Log-Based Engineering Metrics — From Logs to Grafana Dashboards

You’ve been shipping canonical logs for two weeks. Your Loki instance has millions of structured events. Your manager asks: “What’s our p99 latency on the checkout endpoint?” You could instrument Prometheus counters and histograms — define the metric, register the collector, wire it into middleware, deploy, wait for data. Or you could just query the data you already have.

If you’ve been following the previous articles on canonical log lines and distributed logging, your services already emit structured JSON logs with fields like duration_ms, status_code, service, path, and bounded_context. Every request that flows through your system produces a log line that captures the same data a Prometheus histogram would — latency, outcome, and identity. The difference is where that data lives and how you query it.

This article shows you how to turn those logs into real engineering dashboards and alert rules using Grafana and Loki, without writing a single line of instrumentation code.

The Premise: Your Logs Are Already Metrics

Consider a canonical log line emitted at the end of a request:

{
  "timestamp": "2026-03-14T14:32:01.443Z",
  "service": "checkout-api",
  "path": "/api/v1/checkout",
  "method": "POST",
  "status_code": 200,
  "duration_ms": 342,
  "bounded_context": "orders",
  "user_id": "usr_8a3f2c",
  "trace_id": "abc123def456"
}

This single event contains everything you need to compute latency percentiles, error rates, and throughput — the three pillars of any engineering health dashboard. Prometheus metrics capture the same dimensions. The difference is that Prometheus pre-aggregates at write time (counters tick up, histogram buckets fill), while Loki stores raw events and aggregates at query time.

Why does this matter? Two reasons:

Zero additional instrumentation. You don’t need to define, register, or maintain Prometheus metrics alongside your logs. The data is already there.
Zero additional cost. You’re already paying to store these logs in Loki. Querying them for aggregations doesn’t increase your storage bill.

The trade-off is query-time compute, which we’ll address honestly later. For now, let’s build something useful.
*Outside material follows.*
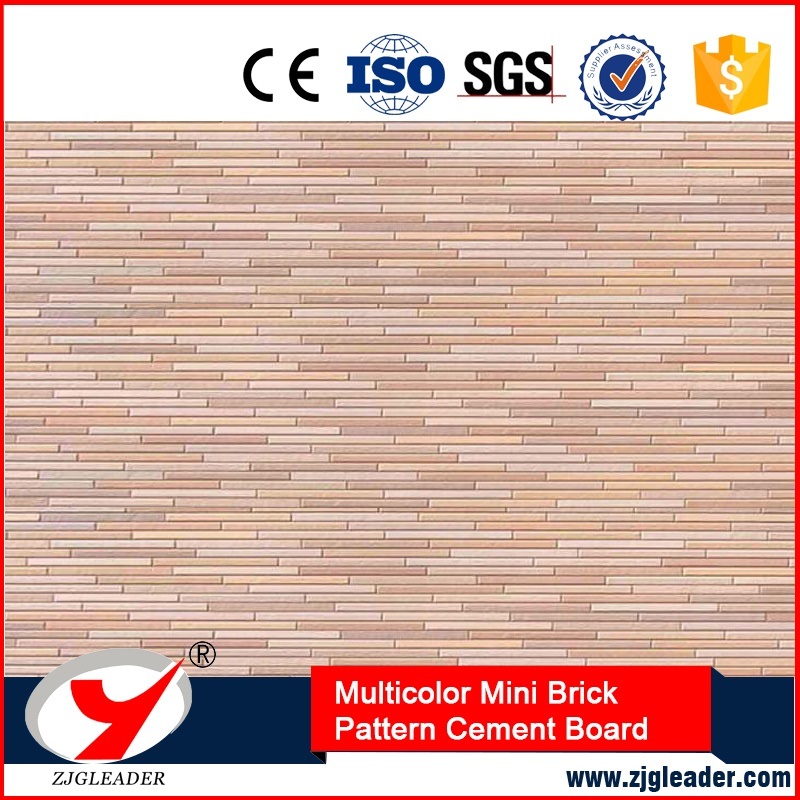No Asbestos Multicolor Mini Brick Pattern Exterior Wall Decorative Board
Log-Derived Engineering Metrics

Every query below assumes your logs are shipped to Loki with at least a service label. The JSON fields — duration_ms, status_code, path — are extracted at query time using LogQL’s built-in JSON parser.

Endpoint Latency (p50, p95, p99)

Latency percentiles are the bread and butter of service health monitoring. With canonical logs that include duration_ms, you can compute them directly:

quantile_over_time(0.99,
  {service="checkout-api"}
    | json
    | unwrap duration_ms [5m]
) by (path)

This query streams all log lines from checkout-api, parses the JSON body, unwraps duration_ms as a numeric value, and computes the 99th percentile over a 5-minute window, grouped by path.

To get all three percentiles on a single panel, you run three variants:

# p50
quantile_over_time(0.50,
  {service="checkout-api"}
    | json
    | unwrap duration_ms [5m]
) by (path)

# p95
quantile_over_time(0.95,
  {service="checkout-api"}
    | json
    | unwrap duration_ms [5m]
) by (path)

# p99
quantile_over_time(0.99,
  {service="checkout-api"}
    | json
    | unwrap duration_ms [5m]
) by (path)

Each becomes a separate query (A, B, C) in a single Grafana time series panel. The result is a live latency chart, per endpoint, computed entirely from your existing logs.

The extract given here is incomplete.